Like the District Opportunity to Purchase Act, another tool for the preservation of affordable housing that the District has entertained without implementing may also soon be put to use.
Two years ago, the city passed the Rent Control Housing Clearinghouse Amendment Act as part of the budgetary process for fiscal year 2016. The law is intended to establish a searchable online database with information for tenants seeking or residing in rent control lodgings.
The database would also enable housing providers to submit any documents online required by the Rental Housing Act of 1985 to the Department of Housing and Community Development’s (DHCD) Rental Accommodations Division.
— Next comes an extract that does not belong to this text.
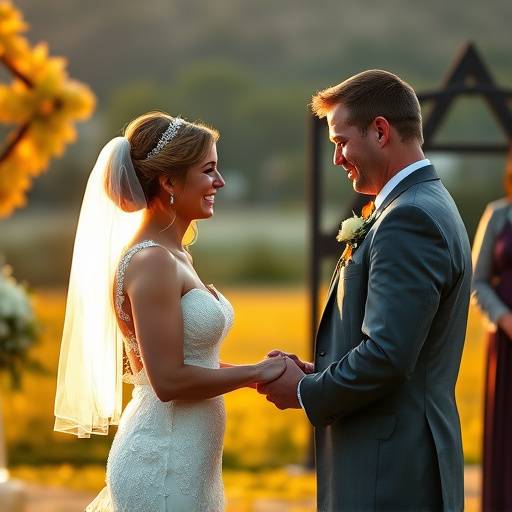 A bride and groom exchanging vows during their outdoor wedding ceremony, surrounded by family and friends.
All landlords would be required to submit data on their housing units subject to rent control for inclusion in the database.
The original bill tasked DHCD with creating the database within two years of the bill’s passage, and with that period coming to a close soon, the DC Council is tasking the Office of the Tenant Advocate (OTA) with implementation. As part of the current budgetary negotiation process, the council is routing $500,000 in funding to OTA in order to create the Rent Control Housing Clearinghouse.
During the first phase of establishment of the clearinghouse, OTA will have two years to create a pared-down version of the database to serve as a demonstration of the final version.
As of 2011, there were 79,145 units in the city across 4,818 developments that were potentially subject to rent control — a vague categorization that highlights the need for improved record-keeping. Similarly, a study in early 2016 identified nearly two-thirds of the city’s rental stock as rent-controlled.
Rent control mechanisms generally restrict landlords to raising tenants’ rents by the consumer price index-plus-2 percent annually and no more than 10 percent (5 percent for the elderly or disabled). There are some loopholes that can permit higher increases.